When you fit the carpet and find you don’t have enough, there’s very little you can do. That’s why our method relies on the idea of measuring twice and cutting once.
1. Preparing the Stairs
You need accurate measurements of the floor area you’re covering with your new carpet. To get that, you must measure the bare stairs themselves.
So before you get to measuring, remove any existing carpet and strip things back.
2. Measuring a Tread
The first step to determining exactly how much carpet you need for your stairs involves measuring each tread. The tread is the flat horizontal part of each step you stand on when using the stairs. Using a tape measure, take an accurate measurement of the width and depth of the tread.
If the tread on your stairs overhangs the riser (the vertical part), you need to account for this. Measure around the overhanging edge of the tread and add it to the depth measurement.
Write down the exact measurements. Next, round up each figure to the nearest centimetre and write down these measurements.
Note: For each measuring step in this process, note the exact and rounded-up measurements. So two sets of measurements for each measurement. The exact measurements are used for the fitting stage, and the rounded-up measurements are used when buying the carpet. Make sense? Good, let’s continue…
Pro Tip: You don’t need to measure the tread’s full width if you use a runner rather than a full stair carpet. In that case, only measure the width of the tread the runner will cover.
A stair runner is an attractive interior design choice, as Carpetright explains. If you use one, some of the wood will remain visible. Homebuilding’s handy guide to reviving wood floors will help ensure it’s looking its best.
3. Measuring a Riser
Your next step is to measure a riser on your staircase. The riser is the vertical part of each step. You need to measure the height and width of the riser.
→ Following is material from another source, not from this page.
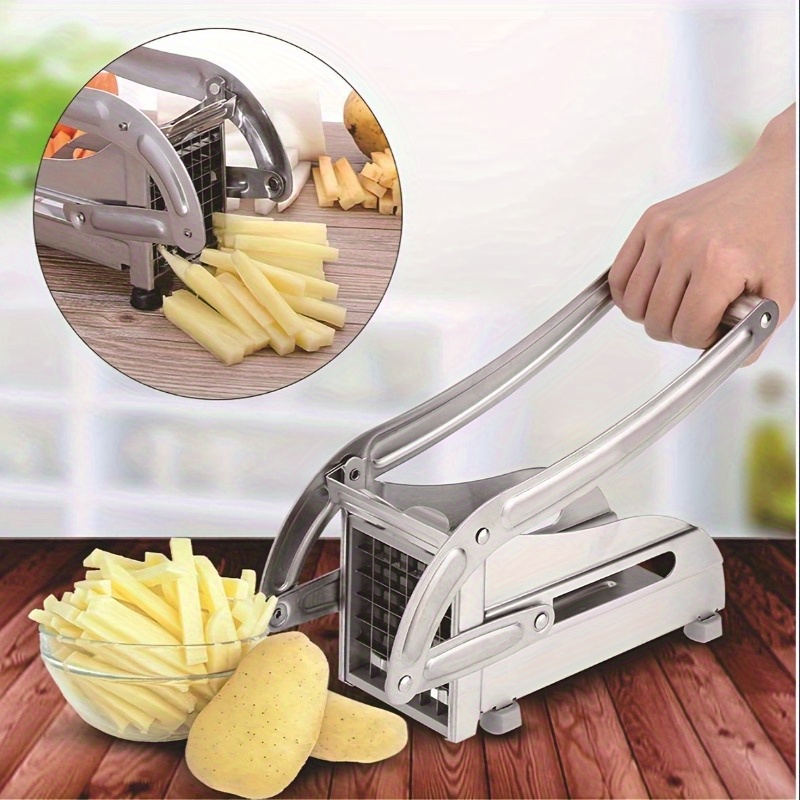 1pc   stainless steel fruit vegetable cutter french fry slicer potato chopper onion dicer with anti slip   food grade kitchen gadget set for   details 0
The width ought to be the same as that of the tread, but it never hurts to double-check. Note down your exact measurements and then round each one up. Make a note of the rounded figures too.
4. Measuring Landings
If your staircase has a small landing part-way up, your carpet will need to cover this too. Take accurate measurements of the width and depth of the landing. Note these figures and include the same rounded-up measurements as before. Multiply the width of the landing by the depth to find its total area. Do this with both the exact and rounded figures.
Pro Tip: Don’t forget that a landing will have a riser beneath it, just like any other step on your stairs. Make sure to include the height of that riser in your measurement of the landing’s depth.
5. Calculating Area
You now have all the measurements you need to calculate the total area your stair carpet needs to cover. First, you need to add your measurement for the depth of a tread to that of the height of a riser. Then, multiply that figure by the width of the tread and riser (which should be the same). You’ve now got the total area of one step. Multiply this by the number of steps on your stairs. Add that figure to the total area of any landing and write down the resulting figure. Repeat this process with your rounded-up measurements.
6. Repeat Steps 2 to 5
You’ll now want to work through steps two to five for a second time. Once you have, check your recorded measurements (exact and rounded) against your first set. You want each and every measurement to match. This is the only foolproof way to discover if you made a mistake anywhere along the way.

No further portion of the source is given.